W majowym wydaniu magazynu wspominamy Lee Radziwiłł, która pozostawała zawsze w cieniu swojej starszej siostry, Jackie Kennedy-Onassis, rozmawiamy z Charlotte Gainsbourg, która spokój w życiu osobistym równoważy odważnymi decyzjami zawodowymi, a także podglądamy intensywne życie polskiej aktorki Agnieszki Grochowskiej.
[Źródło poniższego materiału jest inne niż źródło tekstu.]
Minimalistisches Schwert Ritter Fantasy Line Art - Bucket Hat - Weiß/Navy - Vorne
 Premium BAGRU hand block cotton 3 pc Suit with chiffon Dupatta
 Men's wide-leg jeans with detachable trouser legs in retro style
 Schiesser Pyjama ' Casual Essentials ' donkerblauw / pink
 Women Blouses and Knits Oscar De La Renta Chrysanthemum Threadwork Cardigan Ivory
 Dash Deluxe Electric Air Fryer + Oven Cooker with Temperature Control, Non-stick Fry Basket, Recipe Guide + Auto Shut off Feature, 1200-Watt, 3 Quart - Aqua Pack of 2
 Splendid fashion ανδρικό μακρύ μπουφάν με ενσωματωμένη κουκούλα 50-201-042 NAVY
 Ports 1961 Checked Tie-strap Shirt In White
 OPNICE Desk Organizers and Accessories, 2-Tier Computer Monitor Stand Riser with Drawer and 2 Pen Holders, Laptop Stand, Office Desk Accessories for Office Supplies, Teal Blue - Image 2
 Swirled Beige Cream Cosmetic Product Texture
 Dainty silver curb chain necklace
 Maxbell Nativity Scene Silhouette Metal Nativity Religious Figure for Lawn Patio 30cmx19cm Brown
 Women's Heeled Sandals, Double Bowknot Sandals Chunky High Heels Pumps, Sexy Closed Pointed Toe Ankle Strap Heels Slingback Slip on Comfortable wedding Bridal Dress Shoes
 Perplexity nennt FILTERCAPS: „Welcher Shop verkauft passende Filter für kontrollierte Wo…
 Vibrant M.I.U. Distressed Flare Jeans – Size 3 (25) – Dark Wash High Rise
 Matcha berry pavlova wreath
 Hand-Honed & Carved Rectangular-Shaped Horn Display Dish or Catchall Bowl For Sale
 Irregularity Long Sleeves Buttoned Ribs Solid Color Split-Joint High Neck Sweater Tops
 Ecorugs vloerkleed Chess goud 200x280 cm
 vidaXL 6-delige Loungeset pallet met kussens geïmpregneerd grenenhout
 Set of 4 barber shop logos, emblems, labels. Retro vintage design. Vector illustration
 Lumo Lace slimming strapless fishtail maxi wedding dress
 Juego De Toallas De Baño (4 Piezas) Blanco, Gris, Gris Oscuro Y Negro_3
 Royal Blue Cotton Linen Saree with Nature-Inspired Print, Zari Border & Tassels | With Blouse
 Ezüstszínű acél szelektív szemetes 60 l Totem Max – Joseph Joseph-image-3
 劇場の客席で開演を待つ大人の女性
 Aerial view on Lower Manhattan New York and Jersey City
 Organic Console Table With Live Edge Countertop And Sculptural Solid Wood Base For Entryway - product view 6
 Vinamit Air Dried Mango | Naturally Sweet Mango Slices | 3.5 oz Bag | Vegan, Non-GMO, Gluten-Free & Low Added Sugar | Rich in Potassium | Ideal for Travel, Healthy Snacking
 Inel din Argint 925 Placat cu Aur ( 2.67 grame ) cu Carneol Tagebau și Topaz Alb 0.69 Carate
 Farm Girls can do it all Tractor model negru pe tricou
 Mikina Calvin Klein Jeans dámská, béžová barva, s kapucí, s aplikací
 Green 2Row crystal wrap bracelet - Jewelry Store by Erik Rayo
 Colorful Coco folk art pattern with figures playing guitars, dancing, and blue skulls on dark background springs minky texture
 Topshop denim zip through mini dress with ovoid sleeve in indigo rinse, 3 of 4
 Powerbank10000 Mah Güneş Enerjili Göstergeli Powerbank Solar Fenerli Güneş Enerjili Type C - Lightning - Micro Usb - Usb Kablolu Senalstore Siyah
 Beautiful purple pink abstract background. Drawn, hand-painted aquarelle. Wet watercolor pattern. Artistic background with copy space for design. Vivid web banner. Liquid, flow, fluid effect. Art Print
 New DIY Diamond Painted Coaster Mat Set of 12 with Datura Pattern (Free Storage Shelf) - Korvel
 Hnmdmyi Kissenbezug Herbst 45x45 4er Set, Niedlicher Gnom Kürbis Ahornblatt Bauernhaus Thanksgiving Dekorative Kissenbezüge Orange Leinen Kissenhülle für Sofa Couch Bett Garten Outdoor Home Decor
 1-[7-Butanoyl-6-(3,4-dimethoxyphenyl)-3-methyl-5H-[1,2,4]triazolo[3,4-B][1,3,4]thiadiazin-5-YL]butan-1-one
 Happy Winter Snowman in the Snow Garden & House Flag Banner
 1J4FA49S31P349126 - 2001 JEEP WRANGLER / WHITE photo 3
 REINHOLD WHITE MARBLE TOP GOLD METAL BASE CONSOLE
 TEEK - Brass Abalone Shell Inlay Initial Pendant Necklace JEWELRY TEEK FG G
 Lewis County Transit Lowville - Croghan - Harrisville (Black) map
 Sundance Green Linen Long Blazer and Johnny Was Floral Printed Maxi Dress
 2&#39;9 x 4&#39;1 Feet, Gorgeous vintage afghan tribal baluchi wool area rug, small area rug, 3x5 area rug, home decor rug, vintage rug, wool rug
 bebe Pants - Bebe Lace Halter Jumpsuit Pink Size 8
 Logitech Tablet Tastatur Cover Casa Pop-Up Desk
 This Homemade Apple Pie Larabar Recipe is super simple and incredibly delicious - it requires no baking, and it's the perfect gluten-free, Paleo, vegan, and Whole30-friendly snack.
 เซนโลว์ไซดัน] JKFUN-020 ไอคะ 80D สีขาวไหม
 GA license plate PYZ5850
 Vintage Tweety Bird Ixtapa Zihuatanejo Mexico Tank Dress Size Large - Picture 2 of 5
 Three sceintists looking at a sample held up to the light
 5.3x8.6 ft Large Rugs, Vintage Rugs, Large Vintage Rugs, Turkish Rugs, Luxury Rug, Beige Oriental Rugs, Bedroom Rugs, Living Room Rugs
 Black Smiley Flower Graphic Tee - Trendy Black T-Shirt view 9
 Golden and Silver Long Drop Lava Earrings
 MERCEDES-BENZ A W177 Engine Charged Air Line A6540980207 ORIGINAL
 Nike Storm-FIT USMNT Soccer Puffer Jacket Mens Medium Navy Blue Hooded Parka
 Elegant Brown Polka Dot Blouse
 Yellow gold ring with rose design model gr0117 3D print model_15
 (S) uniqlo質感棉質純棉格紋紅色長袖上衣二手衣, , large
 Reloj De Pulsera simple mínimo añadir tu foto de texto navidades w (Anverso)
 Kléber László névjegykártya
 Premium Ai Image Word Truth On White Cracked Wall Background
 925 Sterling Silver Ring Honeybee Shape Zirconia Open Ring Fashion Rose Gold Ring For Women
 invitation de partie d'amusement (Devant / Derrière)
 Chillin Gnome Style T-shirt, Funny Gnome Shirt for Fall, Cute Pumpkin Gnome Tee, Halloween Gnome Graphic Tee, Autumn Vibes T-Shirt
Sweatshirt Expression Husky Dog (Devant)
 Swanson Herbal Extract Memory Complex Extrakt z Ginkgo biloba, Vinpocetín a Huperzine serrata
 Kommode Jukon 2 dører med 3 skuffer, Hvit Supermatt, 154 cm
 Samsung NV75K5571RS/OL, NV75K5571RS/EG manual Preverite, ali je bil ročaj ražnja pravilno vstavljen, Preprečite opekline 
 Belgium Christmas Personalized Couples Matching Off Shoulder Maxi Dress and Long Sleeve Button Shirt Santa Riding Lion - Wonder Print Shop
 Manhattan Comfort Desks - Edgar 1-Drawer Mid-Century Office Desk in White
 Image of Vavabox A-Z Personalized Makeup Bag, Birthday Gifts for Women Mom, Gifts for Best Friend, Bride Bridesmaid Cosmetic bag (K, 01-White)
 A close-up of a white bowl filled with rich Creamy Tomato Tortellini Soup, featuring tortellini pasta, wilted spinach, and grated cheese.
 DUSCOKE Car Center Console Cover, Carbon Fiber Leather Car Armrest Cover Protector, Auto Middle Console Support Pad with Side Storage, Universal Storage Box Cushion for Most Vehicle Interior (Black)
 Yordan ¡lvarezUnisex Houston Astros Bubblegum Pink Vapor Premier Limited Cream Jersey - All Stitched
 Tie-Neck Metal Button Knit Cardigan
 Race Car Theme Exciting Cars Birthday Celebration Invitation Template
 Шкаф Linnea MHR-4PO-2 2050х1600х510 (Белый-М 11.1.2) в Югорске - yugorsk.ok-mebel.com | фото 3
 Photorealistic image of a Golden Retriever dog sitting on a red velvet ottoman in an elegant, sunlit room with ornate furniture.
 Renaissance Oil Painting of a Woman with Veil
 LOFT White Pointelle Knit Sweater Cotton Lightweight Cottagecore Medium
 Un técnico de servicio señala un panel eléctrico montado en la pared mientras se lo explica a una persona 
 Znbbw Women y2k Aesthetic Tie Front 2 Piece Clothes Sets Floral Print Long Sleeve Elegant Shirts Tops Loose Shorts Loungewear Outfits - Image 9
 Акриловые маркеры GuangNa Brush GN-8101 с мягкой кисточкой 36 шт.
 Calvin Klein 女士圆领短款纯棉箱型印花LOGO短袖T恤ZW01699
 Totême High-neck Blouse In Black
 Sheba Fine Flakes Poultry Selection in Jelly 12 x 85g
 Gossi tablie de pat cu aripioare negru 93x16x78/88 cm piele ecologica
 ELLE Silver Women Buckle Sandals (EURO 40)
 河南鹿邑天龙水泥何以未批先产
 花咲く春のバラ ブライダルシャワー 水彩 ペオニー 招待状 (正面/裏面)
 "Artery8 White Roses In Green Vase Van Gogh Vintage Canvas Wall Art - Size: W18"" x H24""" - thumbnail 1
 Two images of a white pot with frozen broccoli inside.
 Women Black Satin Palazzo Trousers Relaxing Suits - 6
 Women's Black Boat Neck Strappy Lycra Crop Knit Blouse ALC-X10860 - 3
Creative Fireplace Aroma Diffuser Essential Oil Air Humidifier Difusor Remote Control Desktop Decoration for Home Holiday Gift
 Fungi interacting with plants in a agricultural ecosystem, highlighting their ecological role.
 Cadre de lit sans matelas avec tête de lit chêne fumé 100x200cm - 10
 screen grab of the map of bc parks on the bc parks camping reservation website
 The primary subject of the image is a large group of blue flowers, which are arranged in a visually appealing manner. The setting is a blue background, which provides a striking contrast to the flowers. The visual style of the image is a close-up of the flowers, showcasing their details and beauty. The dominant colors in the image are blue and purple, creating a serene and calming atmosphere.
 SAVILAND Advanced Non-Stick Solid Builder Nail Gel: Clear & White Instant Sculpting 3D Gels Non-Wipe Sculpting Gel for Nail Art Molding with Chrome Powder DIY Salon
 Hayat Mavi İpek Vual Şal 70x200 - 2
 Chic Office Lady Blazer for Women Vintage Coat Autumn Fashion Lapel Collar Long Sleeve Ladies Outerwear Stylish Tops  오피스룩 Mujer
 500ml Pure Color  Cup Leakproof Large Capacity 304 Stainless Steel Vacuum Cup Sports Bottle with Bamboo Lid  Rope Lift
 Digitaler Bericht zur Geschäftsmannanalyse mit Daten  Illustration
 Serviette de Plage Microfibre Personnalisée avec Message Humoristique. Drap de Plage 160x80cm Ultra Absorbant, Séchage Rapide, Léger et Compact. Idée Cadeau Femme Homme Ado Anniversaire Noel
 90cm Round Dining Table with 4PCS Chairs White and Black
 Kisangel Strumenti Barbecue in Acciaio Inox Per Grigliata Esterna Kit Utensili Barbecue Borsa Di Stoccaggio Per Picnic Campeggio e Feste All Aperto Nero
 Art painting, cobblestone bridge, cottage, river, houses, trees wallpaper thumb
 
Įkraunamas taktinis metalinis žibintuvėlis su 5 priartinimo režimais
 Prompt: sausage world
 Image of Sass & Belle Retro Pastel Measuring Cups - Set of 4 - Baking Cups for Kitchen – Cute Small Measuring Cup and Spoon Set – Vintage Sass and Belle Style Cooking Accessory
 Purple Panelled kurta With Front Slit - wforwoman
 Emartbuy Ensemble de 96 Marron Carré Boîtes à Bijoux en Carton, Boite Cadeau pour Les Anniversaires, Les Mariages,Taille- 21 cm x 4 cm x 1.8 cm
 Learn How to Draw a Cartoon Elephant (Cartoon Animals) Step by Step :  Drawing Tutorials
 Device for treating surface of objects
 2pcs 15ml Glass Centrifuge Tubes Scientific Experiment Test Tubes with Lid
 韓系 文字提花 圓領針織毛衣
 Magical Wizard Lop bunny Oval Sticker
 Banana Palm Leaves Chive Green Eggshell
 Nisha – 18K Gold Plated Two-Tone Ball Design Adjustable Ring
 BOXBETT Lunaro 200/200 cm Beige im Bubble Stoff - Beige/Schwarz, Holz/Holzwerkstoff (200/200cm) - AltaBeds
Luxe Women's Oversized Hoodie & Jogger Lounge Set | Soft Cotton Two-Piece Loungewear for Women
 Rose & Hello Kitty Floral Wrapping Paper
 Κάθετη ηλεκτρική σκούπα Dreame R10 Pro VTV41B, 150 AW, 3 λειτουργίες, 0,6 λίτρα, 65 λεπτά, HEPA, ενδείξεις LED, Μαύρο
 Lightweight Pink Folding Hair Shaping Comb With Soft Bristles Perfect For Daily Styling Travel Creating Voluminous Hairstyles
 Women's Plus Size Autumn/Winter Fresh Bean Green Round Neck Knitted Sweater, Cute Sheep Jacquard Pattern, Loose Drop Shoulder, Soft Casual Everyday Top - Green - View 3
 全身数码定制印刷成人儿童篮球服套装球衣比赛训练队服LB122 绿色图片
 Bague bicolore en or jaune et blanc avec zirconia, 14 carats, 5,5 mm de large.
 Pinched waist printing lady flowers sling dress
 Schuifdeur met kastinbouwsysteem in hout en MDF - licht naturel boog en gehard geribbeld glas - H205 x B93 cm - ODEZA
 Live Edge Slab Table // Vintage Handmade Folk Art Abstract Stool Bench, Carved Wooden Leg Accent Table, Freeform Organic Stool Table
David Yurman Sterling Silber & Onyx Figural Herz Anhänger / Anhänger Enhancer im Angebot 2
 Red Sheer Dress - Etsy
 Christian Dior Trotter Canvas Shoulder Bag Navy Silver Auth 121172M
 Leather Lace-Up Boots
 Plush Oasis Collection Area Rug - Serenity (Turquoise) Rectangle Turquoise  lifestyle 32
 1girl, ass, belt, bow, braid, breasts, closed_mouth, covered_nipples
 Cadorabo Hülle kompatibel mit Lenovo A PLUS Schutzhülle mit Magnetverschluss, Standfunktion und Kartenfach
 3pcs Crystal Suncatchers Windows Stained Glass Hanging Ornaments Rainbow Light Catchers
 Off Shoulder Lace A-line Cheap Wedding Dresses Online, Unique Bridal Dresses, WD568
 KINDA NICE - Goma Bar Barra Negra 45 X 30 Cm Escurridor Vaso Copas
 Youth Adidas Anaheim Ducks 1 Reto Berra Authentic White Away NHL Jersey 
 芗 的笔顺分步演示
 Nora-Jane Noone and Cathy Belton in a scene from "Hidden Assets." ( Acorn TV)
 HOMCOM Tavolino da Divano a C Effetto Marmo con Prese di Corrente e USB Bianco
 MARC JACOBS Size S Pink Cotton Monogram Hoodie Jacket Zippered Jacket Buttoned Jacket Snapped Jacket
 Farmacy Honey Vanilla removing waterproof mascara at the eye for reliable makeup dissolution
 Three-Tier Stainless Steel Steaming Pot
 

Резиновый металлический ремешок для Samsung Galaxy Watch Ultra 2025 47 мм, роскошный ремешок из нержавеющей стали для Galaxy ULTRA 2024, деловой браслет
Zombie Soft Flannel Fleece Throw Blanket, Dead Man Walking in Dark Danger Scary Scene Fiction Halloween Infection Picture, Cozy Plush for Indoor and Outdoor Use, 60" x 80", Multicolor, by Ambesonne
– Świat byłby ciekawszy, gdyby artyści nie musieli uważać na każde słowo – mówi w rozmowie z Mają von Horn francuska ikona stylu Charlotte Gainsbourg. Piosenkarkę, autorkę tekstów, a także aktorkę w sesji okładkowej do majowego numeru „Vogue Polska” sfotografował Juergen Teller. Niemiecki fotograf powraca na łamy naszego magazynu po historycznej okładce pierwszego wydania polskiej edycji „Vogue’a”. Tym razem 47-letnią Gainsburg, która w życiu codziennym ucieka od skandali, sfotografował na ulicach Paryża.
Artystka od 28 lat tworzy szczęśliwy związek z francusko-izraelskim reżyserem i aktorem Yvanem Attalem, z którym ma trójkę dzieci. Zawodowo, idąc za przykładem swoich rodziców – legendy francuskiej piosenki Serge’a Gainsbourga i ikony stylu Jane Birkin – lubi kontrowersje. – Sztuka jest moim sposobem na nieśmiałość – mówi. Nie boi się szokujących ról, mogliśmy ją więc zobaczyć w kilku produkcjach skandalisty Larsa von Triera. Za rolę w „Antychryście”, w którym zagrała u boku Willema Dafoe, otrzymała Złotą Palmę w Cannes. Ostatnia współpraca z reżyserem przy filmie „Nimfomanka” wywołała ogromny skandal we Francji, porównywalny do tego, którego bohaterem mógłby być jej ojciec.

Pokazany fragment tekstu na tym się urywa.